Area protected: 12,807,924 acres.
Based on 1993 Forest Survey data for non-federal forestland, plus 10% to cover adjacent non-forest land. Also included is 101,320 acres of federal land protected under special contract. Mutual aid is provided on 802,147 acres of additional federal land.

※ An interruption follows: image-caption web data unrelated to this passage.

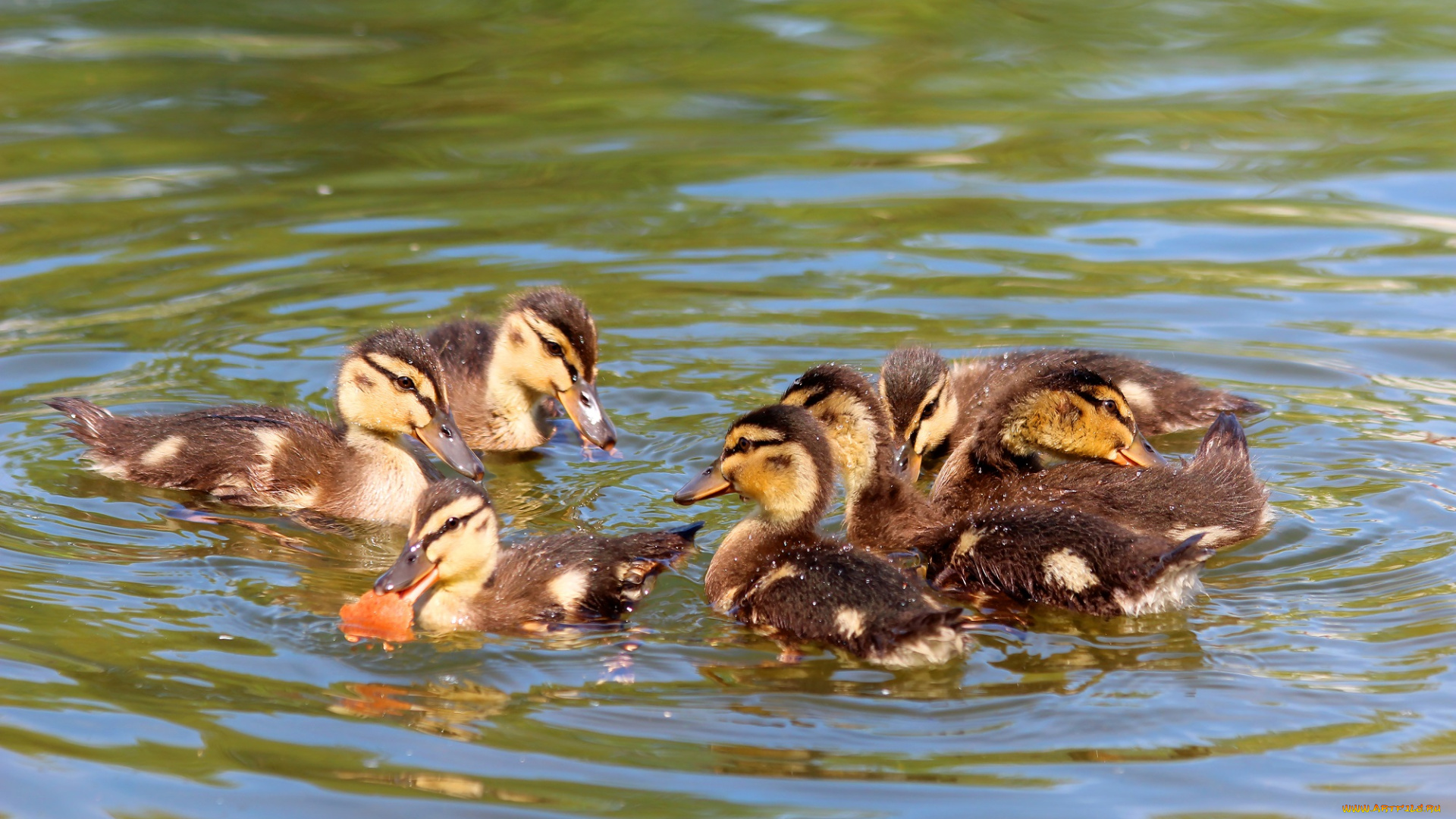 животные, утки, птицы, пруд, природа, май, весна, водоплавающие, утята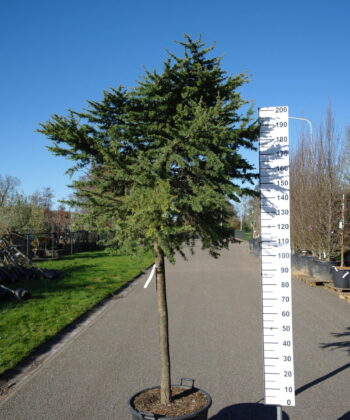 Cedrus Libani compacta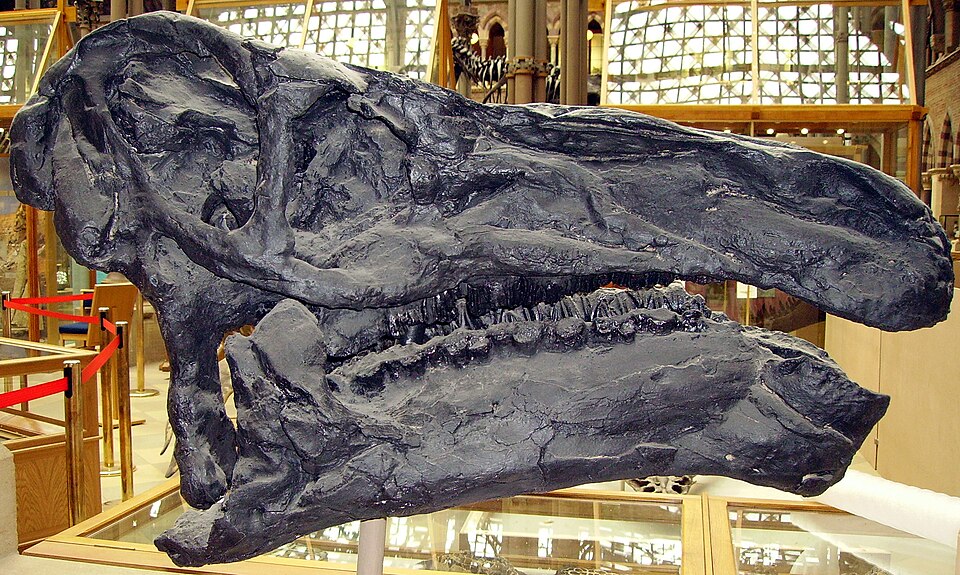 Iguanodon skull from the Oxford University Museum of Natural History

Fire Protection Cooperatives

The Forestry Commission has cooperative arrangements with 10 fire and emergency management entities. Activities for each cooperative during FY 1996-97 are as follows:

Southeastern States Forest Fire Compact Commission: SCFC dispatched 48 personnel equipped with tractors and chain saws to provide debris removal assistance to North Carolina immediately following Hurricane Fran.

SC Division of Emergency Preparedness: SCFC provided field support and EOC staffing as Hurricane Bertha and Hurricane Fran approached the SC coast. Staff foresters participated in several EPD emergency response training sessions during the year.

Wildland Fire Protection Partnership: SCFC produced and staffed the WFPP exhibit at the annual SC State Firemen's Association Annual Convention. SCFC personnel wrote and assisted in production and placement of three television spot announcements sponsored by the Partnership.

Rural Cooperative Fire Protection Program: Federal funds for this program have decreased significantly. During the year, 24 fire departments were approved for matching-fund grants totaling $13,000.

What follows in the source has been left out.